Namun perlu digarisbawahi, segala bentuk kemeriahan ini harusnya diimbangi oleh segenap elemen masyarakat yang terlibat, menjungjung tinggi asas persaingan sehat dan bermartabat. Dengan begitu, setidaknya masyarakat bisa berharap, bahwa hasil dari Pilkada nantinya menciptakan pemimpin bersih dan bermartabat pula.
Tapi, harapan tinggal harapan. Hampir setiap pemilihan umum, baik pemilihan anggota legeslatif, calon pemimpin daerah maupun presiden, kampanye hitam atau black campaign selalu menjadi bumbu. Sehingga aroma persaingan kerap memanas.
Black campaign adalah tindakan menyerang pihak lawan bukan dengan fakta tidak benar. Black campaign biasanya dilakukan dengan cara mengungkapkan keburukan suatu pihak dengan tujuan untuk menjatuhkan kredibilitas pihak tersebut.
Selain bermaksud menjatuhkan pihak lawan, black campaign bisa juga dilakukan pihak internal dengan maksud tertentu, seperti mendapatkan simpati publik sebagai pihak yang terzalimi. Terlepas dari siapa pun yang membuat materi black campaign dan apa pun motifnya, perilaku ini dapat mengancam kemurnian proses demokrasi.
Contoh teranyar korban black campaign adalah calon Walikota Tangerang Selatan, Rahayu Saraswati Djoyohadikoesoemo. Keponakan dari Menteri Pertahanan (Menhan) Prabowo Subianto tersebut baru-baru ini mendapat serangan yang mengarah kepada fisiknya.
Dikutip dari Suara.com, pemilik akun Facebook bernama Bang Djoel memposting foto hamil Rahayu saat dirinya tengah melakukan pengambilan foto mothernity dengan kondisi perut buncit hamil dengan pusar telihat. Foto tersebut diposting ke grup Tangsel Rumah dan Kota Kita. Parahnya, foto itu disertai dengan tulisan yang mengarah para pelecehan.

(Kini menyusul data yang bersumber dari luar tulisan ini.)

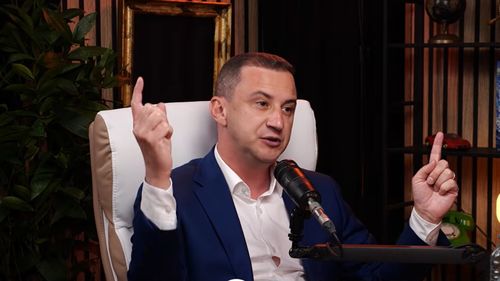 Fashion bullying cu PSD: Simonis îi critică pe Fritz și alți USR-iști pentru haine / ”Te uiți la ei cum se îmbracă și îți dai seama cum arată orașul (...) îi vezi pe ei cu galoșii în picioare” / Și Miruță a fost criticat pentru blugi / PSD-iștii, celebri pentru brandurile de mii de euro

'Yang mau coblos udelnya silahkan... Udel dah diumbar.. pantaskah jadi panutan apalagi pemimpin tangsel??'
Atas kejadian tersebut, Rahayu berencana akan melaporkan hal itu pada pihak kepolisian, karena dianggap telah melecehkan dengan sebutan 'coblos udel'. Hal ini dinilai sebagai pelecehan seksual.